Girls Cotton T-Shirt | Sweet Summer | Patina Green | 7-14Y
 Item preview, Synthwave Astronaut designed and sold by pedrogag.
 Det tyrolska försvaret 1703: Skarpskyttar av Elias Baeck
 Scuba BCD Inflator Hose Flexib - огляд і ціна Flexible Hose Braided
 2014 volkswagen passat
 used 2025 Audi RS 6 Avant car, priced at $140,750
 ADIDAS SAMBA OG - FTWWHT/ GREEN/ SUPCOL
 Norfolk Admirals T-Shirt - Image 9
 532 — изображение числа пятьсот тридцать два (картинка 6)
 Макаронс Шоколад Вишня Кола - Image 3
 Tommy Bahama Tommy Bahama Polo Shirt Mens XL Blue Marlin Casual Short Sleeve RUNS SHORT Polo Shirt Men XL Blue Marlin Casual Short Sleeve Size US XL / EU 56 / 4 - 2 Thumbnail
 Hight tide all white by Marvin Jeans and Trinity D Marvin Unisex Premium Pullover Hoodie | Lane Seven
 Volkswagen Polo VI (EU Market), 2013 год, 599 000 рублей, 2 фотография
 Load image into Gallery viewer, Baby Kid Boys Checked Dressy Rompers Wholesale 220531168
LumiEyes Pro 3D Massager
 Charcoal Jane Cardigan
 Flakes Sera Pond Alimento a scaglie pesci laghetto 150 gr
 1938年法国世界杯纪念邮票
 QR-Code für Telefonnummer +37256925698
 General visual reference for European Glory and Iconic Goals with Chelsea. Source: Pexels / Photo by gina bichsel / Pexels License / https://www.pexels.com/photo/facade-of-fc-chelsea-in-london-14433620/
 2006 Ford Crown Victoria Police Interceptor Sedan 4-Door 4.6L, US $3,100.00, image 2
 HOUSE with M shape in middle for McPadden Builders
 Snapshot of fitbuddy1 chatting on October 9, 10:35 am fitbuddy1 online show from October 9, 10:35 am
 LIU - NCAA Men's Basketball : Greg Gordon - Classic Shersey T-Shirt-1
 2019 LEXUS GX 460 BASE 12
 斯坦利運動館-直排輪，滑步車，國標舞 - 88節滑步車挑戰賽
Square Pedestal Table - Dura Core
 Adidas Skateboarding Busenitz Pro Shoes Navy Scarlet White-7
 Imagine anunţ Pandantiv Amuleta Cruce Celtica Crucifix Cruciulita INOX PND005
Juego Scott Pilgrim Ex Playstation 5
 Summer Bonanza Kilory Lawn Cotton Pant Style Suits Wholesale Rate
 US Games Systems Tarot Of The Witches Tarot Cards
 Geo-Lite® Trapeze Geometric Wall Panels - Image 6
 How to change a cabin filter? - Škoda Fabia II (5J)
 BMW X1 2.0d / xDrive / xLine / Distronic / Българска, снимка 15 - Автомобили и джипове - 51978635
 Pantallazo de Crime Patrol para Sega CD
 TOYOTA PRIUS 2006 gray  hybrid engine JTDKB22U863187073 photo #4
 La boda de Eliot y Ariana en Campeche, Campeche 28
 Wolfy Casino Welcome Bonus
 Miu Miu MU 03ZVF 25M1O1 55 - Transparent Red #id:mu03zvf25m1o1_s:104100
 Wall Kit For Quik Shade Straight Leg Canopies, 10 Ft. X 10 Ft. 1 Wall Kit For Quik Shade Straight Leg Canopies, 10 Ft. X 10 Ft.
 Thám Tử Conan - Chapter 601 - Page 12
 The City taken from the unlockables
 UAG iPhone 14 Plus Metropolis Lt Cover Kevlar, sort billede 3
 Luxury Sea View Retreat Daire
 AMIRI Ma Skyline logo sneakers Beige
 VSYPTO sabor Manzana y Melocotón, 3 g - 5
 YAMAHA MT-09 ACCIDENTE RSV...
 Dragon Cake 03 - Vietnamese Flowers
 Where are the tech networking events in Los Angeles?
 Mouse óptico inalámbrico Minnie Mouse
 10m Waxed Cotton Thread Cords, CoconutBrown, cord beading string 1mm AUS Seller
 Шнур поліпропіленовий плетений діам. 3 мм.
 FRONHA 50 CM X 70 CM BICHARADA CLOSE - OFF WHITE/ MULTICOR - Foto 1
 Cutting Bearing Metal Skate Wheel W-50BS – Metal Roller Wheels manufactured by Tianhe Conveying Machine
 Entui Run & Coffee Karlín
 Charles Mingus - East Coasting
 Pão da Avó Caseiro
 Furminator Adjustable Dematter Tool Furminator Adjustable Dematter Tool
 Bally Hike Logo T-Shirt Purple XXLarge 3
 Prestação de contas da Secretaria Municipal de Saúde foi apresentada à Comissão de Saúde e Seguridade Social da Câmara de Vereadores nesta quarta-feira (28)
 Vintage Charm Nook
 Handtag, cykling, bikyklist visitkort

+-------+

**Work required:** Quote, word for word, every line from the top of the entries through the line that holds "Norfolk Admirals T-Shirt - Image 9".

**Output below:**
Girls Cotton T-Shirt | Sweet Summer | Patina Green | 7-14Y
 Item preview, Synthwave Astronaut designed and sold by pedrogag.
 Det tyrolska försvaret 1703: Skarpskyttar av Elias Baeck
 Scuba BCD Inflator Hose Flexib - огляд і ціна Flexible Hose Braided
 2014 volkswagen passat
 used 2025 Audi RS 6 Avant car, priced at $140,750
 ADIDAS SAMBA OG - FTWWHT/ GREEN/ SUPCOL
 Norfolk Admirals T-Shirt - Image 9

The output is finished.